Installée dans un endroit chargé de symbolique (le préau de Yoff), l’exposition offre une plongée visuelle entre deux périodes distinctes. D’une part, les clichés de Roger Da Silva pris en 1954, révélant des moments de prière, des visages empreints et une collectivité profondément attachée à sa spiritualité. D’autre part, l’œil du jeune Libasse Laye Ndiaye, qui revisite ces lieux plus de sept décennies plus tard.
« Il s’agit d’un instant de mémoire et de réflexion, un dialogue entre le passé et le présent », souligne Dr Mame Libasse Laye, initiateur de l’initiative. Par ce travail, il ne cherche pas à dresser en oppositions le passé et l’époque actuelle, mais à mettre en évidence une continuité, particulièrement en matière de foi et d’identité au sein de la communauté layène.
Les photographies d’époque, dont certaines représentent Seydina Mandione Laye, témoignent d’une période où la photographie servait déjà à documenter le spirituel autant que le quotidien. De l’autre côté, les images contemporaines font apparaître des mutations visibles dans les corps, les textures et les choix de cadrage, tout en faisant émerger une permanence : celle de la lumière, de la foi et du lien communautaire.

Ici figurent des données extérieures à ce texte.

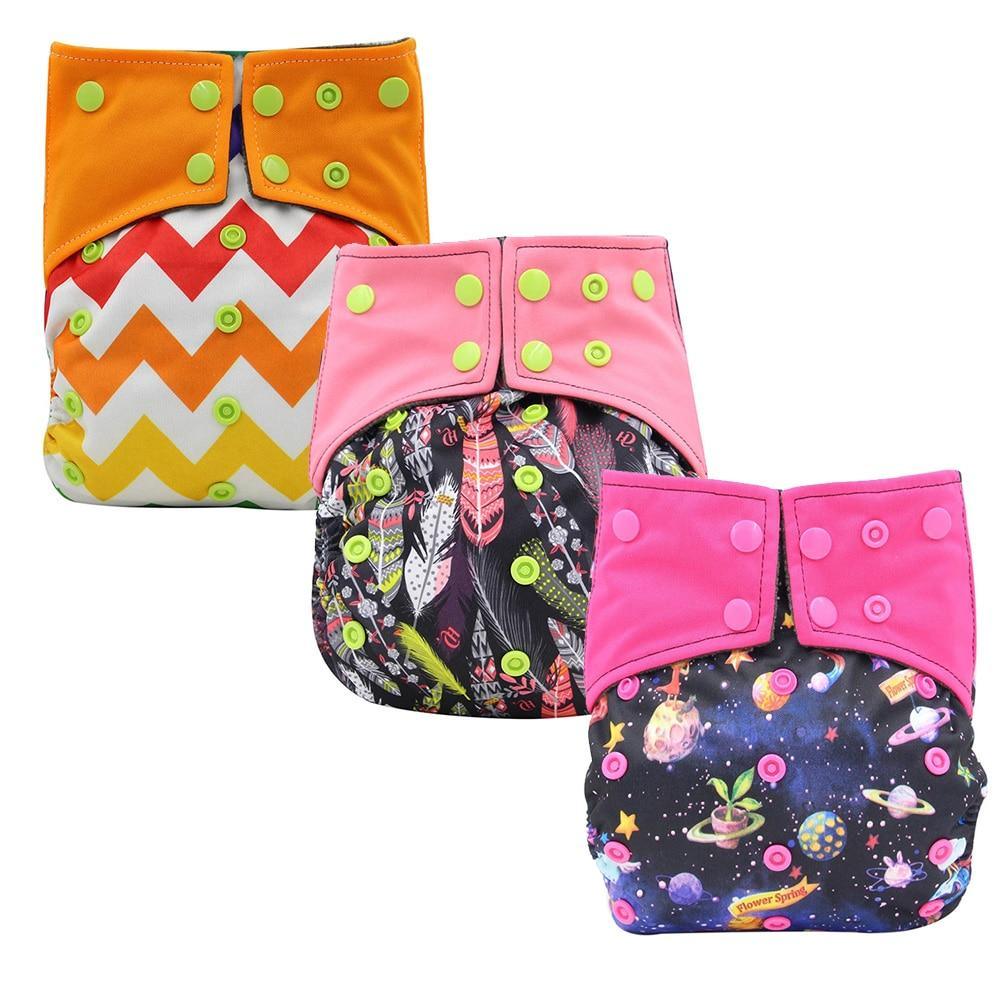 All-In-One  Cloth Diaper for Baby Bamboo Charcoal Eco-friendly Baby Cloth Diaper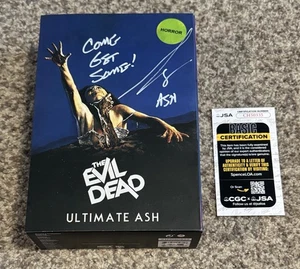 NECA: Evil Dead Ultimate Ash ~ Bruce Campbell Signed & “Come Get Some!” & “Ash” - Picture 1 of 6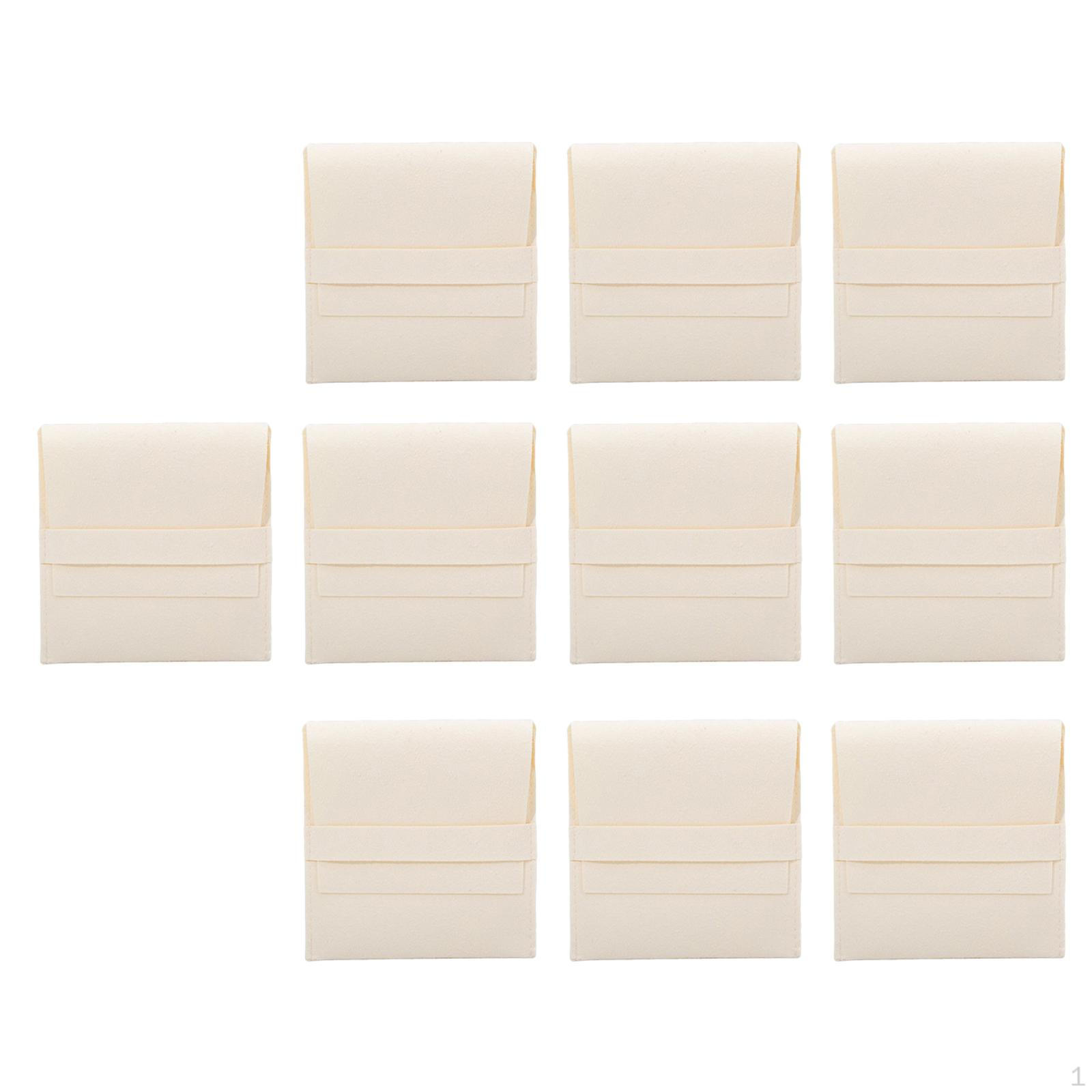 

10 штук Мешочки для украшений для женщин Подарочный мешочек 4 X дюйма Маленькая упаковка бежевый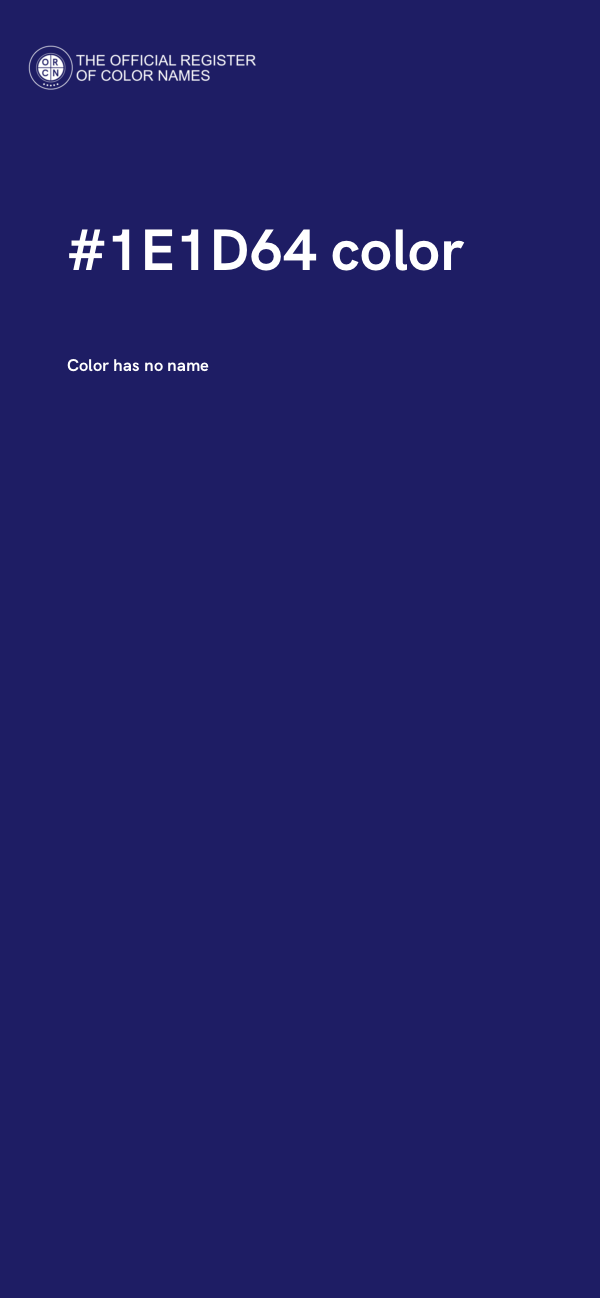 #1E1D64 color image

L’exposition s’inscrit aussi dans une démarche de valorisation du patrimoine photographique. Elle parcourt près d’un siècle d’images, mettant en lumière les évolutions de Yoff tout en soulignant ce qui demeure immuable.
Présente au moment du vernissage, l’ambassadrice de France a salué l’importance du partenariat avec l’Institut français pour mettre en lumière ce projet.
Au-delà de son volet artistique, « Au nom de la lumière » appelle à une réflexion plus vaste sur la place de la photographie aujourd’hui. Face à la vitesse avec laquelle circulent les images, l’exposition propose au contraire une pause, une invitation à observer autrement le monde.